***** MATERIALS PROVIDED *****

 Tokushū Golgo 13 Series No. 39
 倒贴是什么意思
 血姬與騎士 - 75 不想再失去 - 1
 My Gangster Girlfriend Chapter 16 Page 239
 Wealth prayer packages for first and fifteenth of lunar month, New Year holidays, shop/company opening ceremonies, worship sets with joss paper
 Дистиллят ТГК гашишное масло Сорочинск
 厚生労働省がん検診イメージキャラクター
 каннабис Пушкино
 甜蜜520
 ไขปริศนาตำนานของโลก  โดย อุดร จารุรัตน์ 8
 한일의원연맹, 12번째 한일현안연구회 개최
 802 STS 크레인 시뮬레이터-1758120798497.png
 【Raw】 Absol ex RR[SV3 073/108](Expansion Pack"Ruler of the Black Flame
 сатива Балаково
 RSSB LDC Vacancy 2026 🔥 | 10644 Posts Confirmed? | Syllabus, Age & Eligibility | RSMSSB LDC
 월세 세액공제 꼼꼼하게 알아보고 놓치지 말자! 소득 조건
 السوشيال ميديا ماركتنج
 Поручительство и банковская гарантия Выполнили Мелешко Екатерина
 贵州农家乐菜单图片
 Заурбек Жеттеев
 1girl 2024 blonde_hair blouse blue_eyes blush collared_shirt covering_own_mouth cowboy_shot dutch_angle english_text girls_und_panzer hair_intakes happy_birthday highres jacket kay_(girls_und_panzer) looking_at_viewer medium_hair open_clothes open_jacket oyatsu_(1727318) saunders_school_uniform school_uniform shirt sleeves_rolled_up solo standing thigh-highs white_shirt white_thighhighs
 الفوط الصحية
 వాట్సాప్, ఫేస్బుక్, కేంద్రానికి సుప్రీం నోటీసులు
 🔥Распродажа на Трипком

*****

→ **EXERCISE DIRECTIONS**:
The required output is every line of the entries, starting at the one that contains "厚生労働省がん検診イメージキャラクター" and ending at the last, copied exactly.

→ **OUTPUT BELOW**:
 厚生労働省がん検診イメージキャラクター
 каннабис Пушкино
 甜蜜520
 ไขปริศนาตำนานของโลก  โดย อุดร จารุรัตน์ 8
 한일의원연맹, 12번째 한일현안연구회 개최
 802 STS 크레인 시뮬레이터-1758120798497.png
 【Raw】 Absol ex RR[SV3 073/108](Expansion Pack"Ruler of the Black Flame
 сатива Балаково
 RSSB LDC Vacancy 2026 🔥 | 10644 Posts Confirmed? | Syllabus, Age & Eligibility | RSMSSB LDC
 월세 세액공제 꼼꼼하게 알아보고 놓치지 말자! 소득 조건
 السوشيال ميديا ماركتنج
 Поручительство и банковская гарантия Выполнили Мелешко Екатерина
 贵州农家乐菜单图片
 Заурбек Жеттеев
 1girl 2024 blonde_hair blouse blue_eyes blush collared_shirt covering_own_mouth cowboy_shot dutch_angle english_text girls_und_panzer hair_intakes happy_birthday highres jacket kay_(girls_und_panzer) looking_at_viewer medium_hair open_clothes open_jacket oyatsu_(1727318) saunders_school_uniform school_uniform shirt sleeves_rolled_up solo standing thigh-highs white_shirt white_thighhighs
 الفوط الصحية
 వాట్సాప్, ఫేస్బుక్, కేంద్రానికి సుప్రీం నోటీసులు
 🔥Распродажа на Трипком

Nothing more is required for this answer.